As we've watched their clown car of presidential hopefuls crash around the country the last several months, the tone of the mockery within my household has changed several times. I remember the early days, when Aileen and I had actual strategic debates of what would happen to the country if someone like Marco Rubio or Scott Walker (or, God forbid, even Jeb Bush) found himself with a finger on the button. I felt simultaneous terror and relief at the mere suggestion that whoever was chosen to represent the GOP would undoubtedly select our own Gov. Susana Martinez as their running mate, simultaneously saving our state and dooming the nation. I'm not so worried about that any more.

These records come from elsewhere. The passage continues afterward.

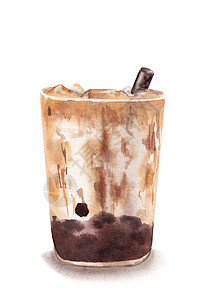 手绘冰茶水泡泡茶饮料 有木薯珍珠 白上孤立的水彩画插图冰块手绘果汁咖啡广告乳白色牛奶奶茶食物奶油背景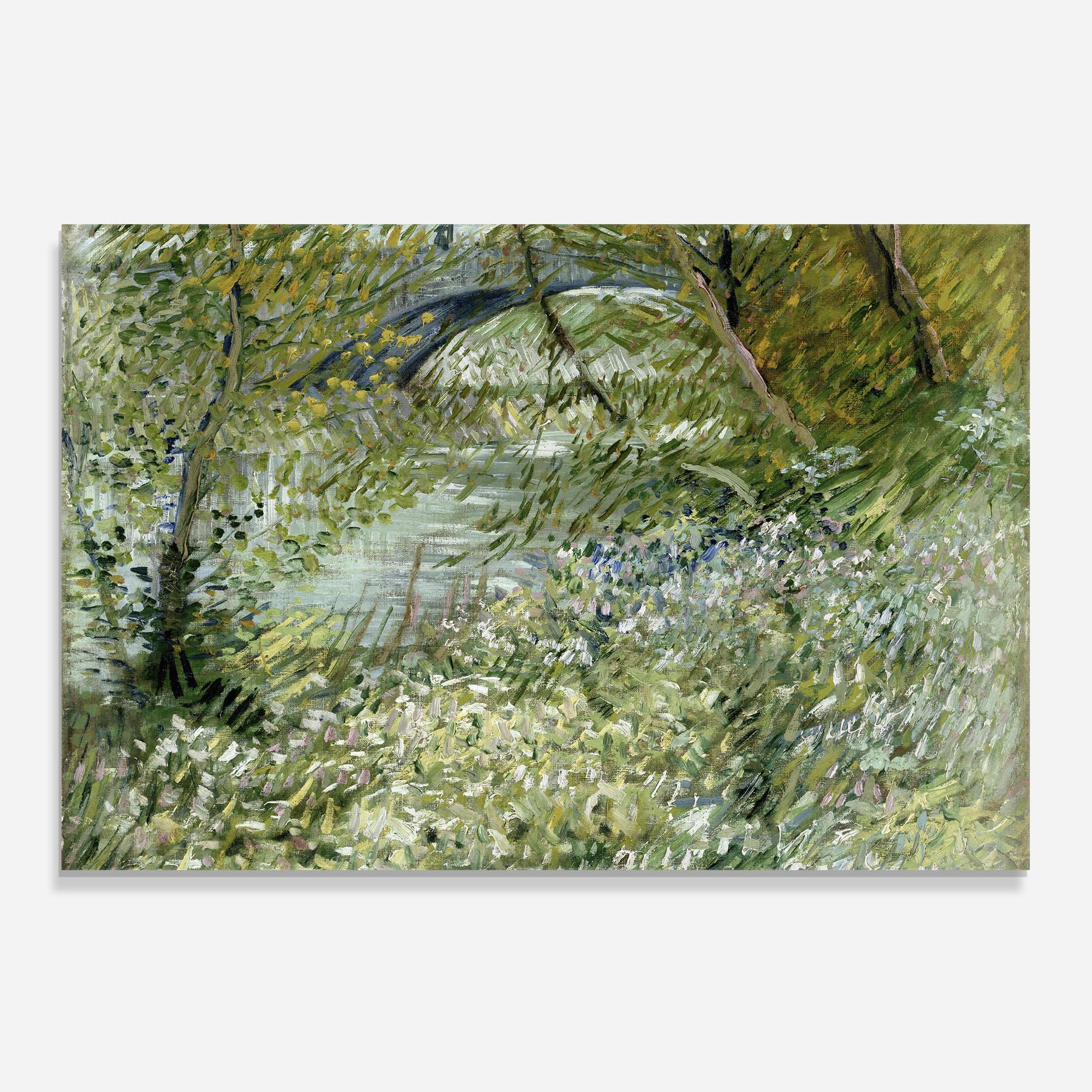 Panou Sticla Bucatarie River Bank Springtime mockup 0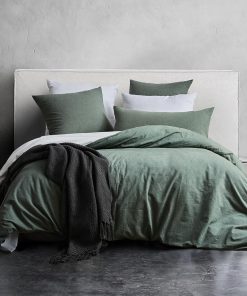 SOULFUL Bettwäsche 155x220 Baumwolle, Bettwäsche-Sets Salbei Grün mit Reißverschluss, Ähnliche Textur wie Stone Washed Leinen, Enthält 1 Bettbezug 155x220 und 1 Kissenbezug 80x80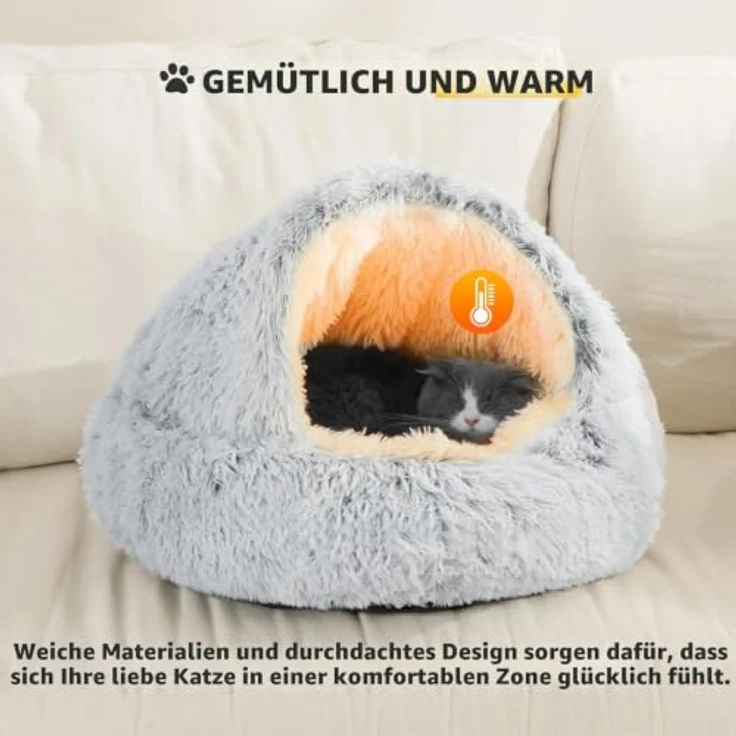 CATISM Katzenbett XL (60cm), Waschbar, Flauschiges Plüsch-Katzenschlafplatz mit Höhlendesign und rutschfestem Boden, Grau – Bild 4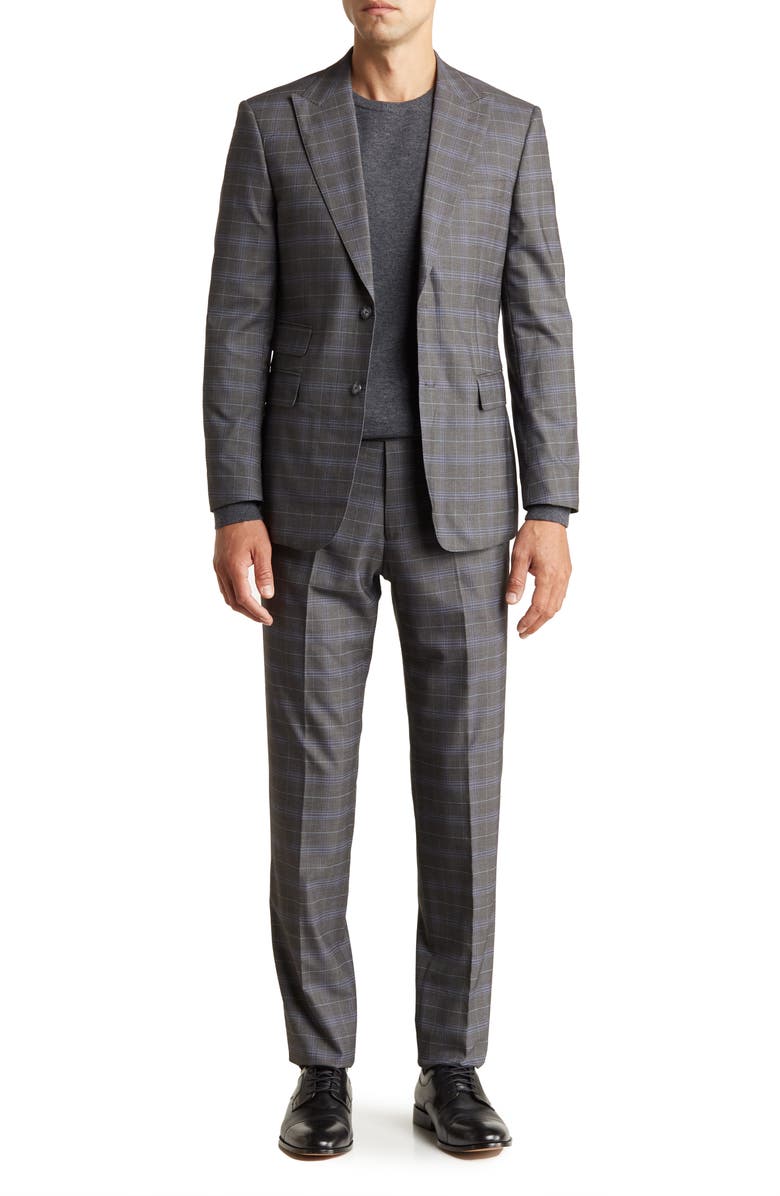 English Laundry Trim Fit Plaid Two-Button Suit, Main, color, Gray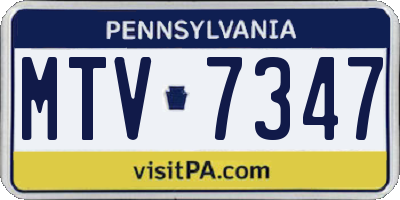 PA license plate MTV7347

It wasn't immediately obvious what Donald Trump would do to this campaign. I don't think anyone dared dream it would be this awesome. "It's the guy from The Apprentice," we said. "He's just fishing for a Fox News job. He'll be gone in a week." How wrong we were.

I remember a year ago, having conversations with Chris—as it became obvious that the GOP was happy to overtly define itself with bigotry, sexism and fear-mongering—about how funny it would be to watch the whole party implode, as the "reasonable" (read, "rich") Republicans abandoned ship. "That'll never happen. They've got too much of an established party core. Sure they have a few fringe lunatics, but Boehner and McConnell and them would never let something like that happen." We were both half-right.

You may not be aware of this, as the mainstream media is still following this clusterfuck like it's a legitimate political race (as best they can fake it), but the Internet knows. The Internet has been paying attention and calling the game more objectively than most. To briefly summarize, the Republican sideshow is no longer a political contest. It's halfway between a WWE wrestling match and a playground full of children teasing each other.

Jeb Bush, the once all-but-anointed candidate, has been saying things like the following: "I've got a lot of really cool things I could do other than sit around, being miserable, listening to people demonize me and me feeling compelled to demonize them. That is a joke. Elect Trump if you want that." That almost directly translates to, "Screw you guys, I'm going home." Meanwhile, as Trump continues to pants him and point and laugh along with half the nation, and the other "serious" candidates cower in fear, the very fabric of the Republican voting machine is coming to pieces. The fringe factions of bigots, religious fundamentalists and blue-collar workers are splitting off to follow the candidates that best cater to their individual fears, leaving a naked, gleaming pillar of moneyed interest unprotected at the party's center.

I'm not worried about President Trump yet. But the way the Republican establishment is letting itself be trolled by this primary can lead to nothing less than the end of the party. Even if Chris is right, and Mitt Romney descends from the rafters at the election, like Stone Cold Steve Austin, to save the day right as Donald's going for the pin, the core of petrified simpletons that were instrumental in electing every conservative since Reagan will have been routed and run into the woods. This next election is going to be crazy and entertaining. But it won't be close. And it will be the last of its kind.